Start of Exercise materials

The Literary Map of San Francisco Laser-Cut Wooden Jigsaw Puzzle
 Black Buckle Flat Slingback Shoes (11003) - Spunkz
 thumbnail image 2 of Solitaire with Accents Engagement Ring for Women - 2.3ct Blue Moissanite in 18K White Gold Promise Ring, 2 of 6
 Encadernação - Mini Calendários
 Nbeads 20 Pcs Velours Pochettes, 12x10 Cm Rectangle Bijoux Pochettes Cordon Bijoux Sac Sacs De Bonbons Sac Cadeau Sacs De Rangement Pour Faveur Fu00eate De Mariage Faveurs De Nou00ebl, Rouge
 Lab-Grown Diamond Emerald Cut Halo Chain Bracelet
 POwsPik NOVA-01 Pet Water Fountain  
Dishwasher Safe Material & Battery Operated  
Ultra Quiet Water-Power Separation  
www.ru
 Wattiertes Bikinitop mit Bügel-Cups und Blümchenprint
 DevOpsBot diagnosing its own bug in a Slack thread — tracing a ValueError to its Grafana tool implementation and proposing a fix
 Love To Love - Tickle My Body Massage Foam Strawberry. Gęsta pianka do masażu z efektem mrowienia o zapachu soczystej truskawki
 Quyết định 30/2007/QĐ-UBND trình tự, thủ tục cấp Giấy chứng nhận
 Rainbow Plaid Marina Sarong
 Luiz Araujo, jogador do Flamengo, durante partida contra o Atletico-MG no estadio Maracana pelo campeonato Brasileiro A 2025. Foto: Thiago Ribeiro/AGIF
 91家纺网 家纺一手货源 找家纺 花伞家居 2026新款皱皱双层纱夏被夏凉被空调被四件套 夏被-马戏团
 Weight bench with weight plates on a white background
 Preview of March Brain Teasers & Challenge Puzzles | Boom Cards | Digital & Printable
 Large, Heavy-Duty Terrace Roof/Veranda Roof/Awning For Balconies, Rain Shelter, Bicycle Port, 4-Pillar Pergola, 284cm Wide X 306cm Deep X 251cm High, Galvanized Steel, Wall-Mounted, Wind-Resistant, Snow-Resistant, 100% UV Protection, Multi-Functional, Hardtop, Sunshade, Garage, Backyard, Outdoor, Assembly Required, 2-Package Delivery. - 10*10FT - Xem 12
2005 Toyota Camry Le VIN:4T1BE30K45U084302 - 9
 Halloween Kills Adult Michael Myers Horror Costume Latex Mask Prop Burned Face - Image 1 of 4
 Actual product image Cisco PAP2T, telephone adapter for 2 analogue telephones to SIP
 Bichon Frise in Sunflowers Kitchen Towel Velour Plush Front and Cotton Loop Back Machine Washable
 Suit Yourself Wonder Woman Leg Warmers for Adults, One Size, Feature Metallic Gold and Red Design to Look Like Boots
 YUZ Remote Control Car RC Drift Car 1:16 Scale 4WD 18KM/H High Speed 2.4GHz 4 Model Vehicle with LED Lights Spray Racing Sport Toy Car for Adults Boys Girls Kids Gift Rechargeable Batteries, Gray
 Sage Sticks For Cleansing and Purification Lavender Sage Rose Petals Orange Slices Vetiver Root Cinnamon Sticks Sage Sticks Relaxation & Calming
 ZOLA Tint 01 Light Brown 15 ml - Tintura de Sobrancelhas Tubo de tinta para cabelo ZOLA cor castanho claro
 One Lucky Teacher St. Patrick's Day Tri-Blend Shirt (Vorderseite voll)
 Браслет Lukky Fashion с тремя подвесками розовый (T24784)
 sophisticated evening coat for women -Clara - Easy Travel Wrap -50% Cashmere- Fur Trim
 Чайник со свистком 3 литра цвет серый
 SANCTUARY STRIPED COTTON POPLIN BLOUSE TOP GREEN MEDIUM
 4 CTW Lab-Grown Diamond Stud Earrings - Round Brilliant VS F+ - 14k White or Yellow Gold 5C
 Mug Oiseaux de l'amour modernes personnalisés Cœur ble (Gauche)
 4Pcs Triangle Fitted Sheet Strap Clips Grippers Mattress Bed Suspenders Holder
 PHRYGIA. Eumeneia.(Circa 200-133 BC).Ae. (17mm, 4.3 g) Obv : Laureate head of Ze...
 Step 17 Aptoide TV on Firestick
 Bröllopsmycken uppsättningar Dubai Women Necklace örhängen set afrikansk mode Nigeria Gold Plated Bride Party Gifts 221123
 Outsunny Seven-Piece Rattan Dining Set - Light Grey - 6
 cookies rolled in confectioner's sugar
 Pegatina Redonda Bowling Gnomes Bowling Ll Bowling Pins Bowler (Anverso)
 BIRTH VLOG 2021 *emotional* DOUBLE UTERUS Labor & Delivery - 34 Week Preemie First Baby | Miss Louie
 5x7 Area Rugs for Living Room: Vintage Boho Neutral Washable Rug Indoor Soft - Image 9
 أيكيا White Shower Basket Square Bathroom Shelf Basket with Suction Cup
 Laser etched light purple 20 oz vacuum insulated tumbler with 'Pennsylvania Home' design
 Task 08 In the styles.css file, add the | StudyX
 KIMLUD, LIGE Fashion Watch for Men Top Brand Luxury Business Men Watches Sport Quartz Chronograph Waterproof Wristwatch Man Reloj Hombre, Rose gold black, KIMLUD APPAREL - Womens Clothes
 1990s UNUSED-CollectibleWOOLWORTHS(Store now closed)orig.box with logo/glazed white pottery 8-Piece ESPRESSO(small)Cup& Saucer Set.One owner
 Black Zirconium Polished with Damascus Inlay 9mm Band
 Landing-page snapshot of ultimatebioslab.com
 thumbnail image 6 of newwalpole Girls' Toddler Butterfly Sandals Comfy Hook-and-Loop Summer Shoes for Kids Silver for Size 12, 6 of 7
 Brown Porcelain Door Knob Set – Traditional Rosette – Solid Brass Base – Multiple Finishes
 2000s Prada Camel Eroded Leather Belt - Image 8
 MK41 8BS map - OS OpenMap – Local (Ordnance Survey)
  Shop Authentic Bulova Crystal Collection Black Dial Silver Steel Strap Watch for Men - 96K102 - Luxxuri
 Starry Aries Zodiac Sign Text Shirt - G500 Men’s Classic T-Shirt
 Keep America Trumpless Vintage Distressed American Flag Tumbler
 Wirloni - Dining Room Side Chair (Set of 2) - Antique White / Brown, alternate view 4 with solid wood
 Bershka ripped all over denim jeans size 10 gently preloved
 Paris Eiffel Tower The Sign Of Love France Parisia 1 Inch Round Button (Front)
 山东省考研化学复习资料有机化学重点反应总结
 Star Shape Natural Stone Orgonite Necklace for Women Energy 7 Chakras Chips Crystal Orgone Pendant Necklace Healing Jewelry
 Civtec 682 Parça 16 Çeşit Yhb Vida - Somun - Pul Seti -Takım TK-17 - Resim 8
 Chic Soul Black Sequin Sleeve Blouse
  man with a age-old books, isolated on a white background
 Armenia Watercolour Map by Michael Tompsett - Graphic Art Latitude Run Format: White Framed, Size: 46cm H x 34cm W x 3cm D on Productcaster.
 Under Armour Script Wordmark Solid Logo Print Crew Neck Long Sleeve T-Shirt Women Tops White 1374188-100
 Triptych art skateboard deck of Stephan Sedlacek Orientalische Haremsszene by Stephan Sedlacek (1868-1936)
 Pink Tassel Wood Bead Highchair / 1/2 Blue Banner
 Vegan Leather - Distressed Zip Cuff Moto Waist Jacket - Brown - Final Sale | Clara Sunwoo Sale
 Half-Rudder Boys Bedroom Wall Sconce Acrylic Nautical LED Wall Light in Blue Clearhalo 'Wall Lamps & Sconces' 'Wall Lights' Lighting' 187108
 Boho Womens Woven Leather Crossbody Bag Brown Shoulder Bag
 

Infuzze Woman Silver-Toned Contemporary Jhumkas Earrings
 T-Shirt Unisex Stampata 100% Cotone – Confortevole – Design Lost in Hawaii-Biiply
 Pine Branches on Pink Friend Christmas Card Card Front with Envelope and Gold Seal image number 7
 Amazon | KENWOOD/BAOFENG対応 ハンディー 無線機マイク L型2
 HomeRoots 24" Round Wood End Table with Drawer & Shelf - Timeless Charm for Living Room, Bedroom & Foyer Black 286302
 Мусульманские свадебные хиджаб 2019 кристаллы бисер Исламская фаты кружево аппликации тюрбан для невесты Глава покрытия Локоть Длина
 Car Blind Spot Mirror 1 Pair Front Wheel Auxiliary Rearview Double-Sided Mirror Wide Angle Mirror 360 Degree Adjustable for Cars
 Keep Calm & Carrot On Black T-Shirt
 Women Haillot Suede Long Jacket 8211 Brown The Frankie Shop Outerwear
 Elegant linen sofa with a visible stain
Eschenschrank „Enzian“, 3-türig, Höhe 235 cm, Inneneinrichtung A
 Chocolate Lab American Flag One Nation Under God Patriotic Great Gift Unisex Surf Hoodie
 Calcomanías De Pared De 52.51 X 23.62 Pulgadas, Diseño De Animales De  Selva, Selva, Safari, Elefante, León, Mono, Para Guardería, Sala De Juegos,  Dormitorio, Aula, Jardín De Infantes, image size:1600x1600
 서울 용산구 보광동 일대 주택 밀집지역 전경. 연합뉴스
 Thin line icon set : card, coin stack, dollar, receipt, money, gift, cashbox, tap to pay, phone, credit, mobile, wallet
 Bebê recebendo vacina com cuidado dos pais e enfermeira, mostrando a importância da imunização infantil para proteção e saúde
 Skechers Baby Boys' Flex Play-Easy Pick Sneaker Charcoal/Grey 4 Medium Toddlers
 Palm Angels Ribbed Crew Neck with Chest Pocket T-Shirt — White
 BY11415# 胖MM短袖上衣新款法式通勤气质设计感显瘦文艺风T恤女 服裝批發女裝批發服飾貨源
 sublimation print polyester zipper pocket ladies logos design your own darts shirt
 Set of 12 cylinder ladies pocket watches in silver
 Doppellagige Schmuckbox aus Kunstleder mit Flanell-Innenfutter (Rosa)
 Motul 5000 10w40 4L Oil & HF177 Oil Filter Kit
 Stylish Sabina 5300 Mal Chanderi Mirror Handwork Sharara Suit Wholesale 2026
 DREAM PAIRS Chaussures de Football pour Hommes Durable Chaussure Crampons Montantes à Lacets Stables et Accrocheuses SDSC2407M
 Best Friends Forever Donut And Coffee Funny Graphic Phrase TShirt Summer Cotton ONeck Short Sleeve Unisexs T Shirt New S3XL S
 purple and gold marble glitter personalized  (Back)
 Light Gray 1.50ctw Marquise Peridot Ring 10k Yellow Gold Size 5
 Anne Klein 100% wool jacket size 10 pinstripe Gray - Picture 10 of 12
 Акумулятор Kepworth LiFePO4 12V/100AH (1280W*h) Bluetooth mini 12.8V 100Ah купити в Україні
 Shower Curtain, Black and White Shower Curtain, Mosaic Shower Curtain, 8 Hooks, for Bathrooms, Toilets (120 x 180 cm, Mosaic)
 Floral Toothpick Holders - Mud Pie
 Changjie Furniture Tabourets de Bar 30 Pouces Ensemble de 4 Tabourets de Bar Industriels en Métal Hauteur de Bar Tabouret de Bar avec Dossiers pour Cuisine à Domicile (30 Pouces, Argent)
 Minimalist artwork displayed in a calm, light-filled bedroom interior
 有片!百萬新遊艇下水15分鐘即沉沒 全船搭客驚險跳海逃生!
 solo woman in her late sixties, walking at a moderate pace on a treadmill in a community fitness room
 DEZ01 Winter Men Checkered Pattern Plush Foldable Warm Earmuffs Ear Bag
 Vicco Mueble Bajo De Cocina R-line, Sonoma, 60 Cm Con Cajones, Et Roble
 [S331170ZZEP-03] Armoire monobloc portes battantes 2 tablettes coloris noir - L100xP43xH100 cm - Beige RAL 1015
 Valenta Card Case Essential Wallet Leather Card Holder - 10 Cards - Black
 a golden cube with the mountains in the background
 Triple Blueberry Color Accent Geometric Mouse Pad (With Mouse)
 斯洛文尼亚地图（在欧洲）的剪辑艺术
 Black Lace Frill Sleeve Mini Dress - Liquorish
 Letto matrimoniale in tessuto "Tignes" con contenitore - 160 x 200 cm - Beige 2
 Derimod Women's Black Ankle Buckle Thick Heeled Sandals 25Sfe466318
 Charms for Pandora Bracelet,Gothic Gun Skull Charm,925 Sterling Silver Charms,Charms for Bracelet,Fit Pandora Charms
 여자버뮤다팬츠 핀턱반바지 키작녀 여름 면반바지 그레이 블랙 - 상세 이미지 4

End of Exercise materials

— Exercise aim —
Your answer should consist solely of the lines above from the line with "Car Blind Spot" to the line with "Set of 12 cylinder", both included, reproduced exactly.

— Your solution —
 Car Blind Spot Mirror 1 Pair Front Wheel Auxiliary Rearview Double-Sided Mirror Wide Angle Mirror 360 Degree Adjustable for Cars
 Keep Calm & Carrot On Black T-Shirt
 Women Haillot Suede Long Jacket 8211 Brown The Frankie Shop Outerwear
 Elegant linen sofa with a visible stain
Eschenschrank „Enzian“, 3-türig, Höhe 235 cm, Inneneinrichtung A
 Chocolate Lab American Flag One Nation Under God Patriotic Great Gift Unisex Surf Hoodie
 Calcomanías De Pared De 52.51 X 23.62 Pulgadas, Diseño De Animales De  Selva, Selva, Safari, Elefante, León, Mono, Para Guardería, Sala De Juegos,  Dormitorio, Aula, Jardín De Infantes, image size:1600x1600
 서울 용산구 보광동 일대 주택 밀집지역 전경. 연합뉴스
 Thin line icon set : card, coin stack, dollar, receipt, money, gift, cashbox, tap to pay, phone, credit, mobile, wallet
 Bebê recebendo vacina com cuidado dos pais e enfermeira, mostrando a importância da imunização infantil para proteção e saúde
 Skechers Baby Boys' Flex Play-Easy Pick Sneaker Charcoal/Grey 4 Medium Toddlers
 Palm Angels Ribbed Crew Neck with Chest Pocket T-Shirt — White
 BY11415# 胖MM短袖上衣新款法式通勤气质设计感显瘦文艺风T恤女 服裝批發女裝批發服飾貨源
 sublimation print polyester zipper pocket ladies logos design your own darts shirt
 Set of 12 cylinder ladies pocket watches in silver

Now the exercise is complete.